Only I might translate:

“The children watch their phones. The parents go to work. And someone orders Amazon Fresh to make money for the kings of capitalism.”

So what’s a prophet to do?

I’m a disappointed prophet, too. But at least I did not think Hillary was going to save the world or Barack had done so. The Democrats are well on their way to offering some other 70-year-old to lead us like some doddering Robert Mueller supposedly dispensing justice.

I feel sorry for all these old people trying to keep up. They are all older than me! And I had to text Rachel last week to get the name of someone I had known for 30 years because I was about to see them and my old brain could not bring it up fast enough! I’m disappointing enough and Joe Biden is 76! (Mark my words).

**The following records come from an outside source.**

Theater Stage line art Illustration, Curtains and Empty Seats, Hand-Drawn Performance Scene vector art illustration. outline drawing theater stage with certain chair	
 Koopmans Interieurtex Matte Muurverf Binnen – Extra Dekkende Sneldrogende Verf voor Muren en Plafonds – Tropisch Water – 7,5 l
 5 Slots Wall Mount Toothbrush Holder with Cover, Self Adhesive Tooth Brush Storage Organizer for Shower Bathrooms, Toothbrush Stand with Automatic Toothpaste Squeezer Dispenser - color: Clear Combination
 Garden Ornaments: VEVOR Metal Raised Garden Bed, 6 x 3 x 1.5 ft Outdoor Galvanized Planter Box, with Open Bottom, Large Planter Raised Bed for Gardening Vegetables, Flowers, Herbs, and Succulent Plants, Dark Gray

So what do we do when our prophecy is rejected?

Keep prophesying. You never know when someone is going to listen for God and hear you.

File:Bartolomé Carducho - Death of St Francis - WGA04207.jpg
Death of St. Francis — Bartolomeo Carducci (1593). National Museum of Ancient Art, Lisbon.

A good example, at least for me these days, is what happened with the prophecy of the disappointed Francis and Clare of Assisi. Both of them had a dream that their splendid revelation about simplicity, community and love was so basic to the way of Jesus no further improvements were needed. They went about their passionate lives and communities sprung up all over Europe in imitation of them. People hungered to be connected with something authentic, serious and joyful.

But soon both Clare and Francis were pressed for a “rule”

  • That’s a rule like all the other orders of monastics (which they didn’t really think they were).
  • That’s a rule like the ones priests lived by under Canon Law (priests they never wanted to be).
  • That’s a rule according to the best practices of the experts (to whom they didn’t really feel like relating).

People listening for God heard their prophecy anyway, despite all the distractions.

Prophets speak for the Ruler, not the rules

Clare ended up suffering under a rule imposed on her little community in San Damiano based on the Benedictine Rule, which isn’t a bad rule, it just wasn’t what she had in mind after God called her. If she had wanted to be a Benedictine nun, there were plenty of opportunities.

They made Francis write a rule. The first one was a couple of pages long and was mostly quotes from the Bible. The final one, right before he went off to die, was a little more expansive, but was still more a story than a ruling doc.

Really, NOT having a rule was the point! A prophet speaks from God, they are not interested in refining some thought from the past or applying the best thinking of the present bureaucracy.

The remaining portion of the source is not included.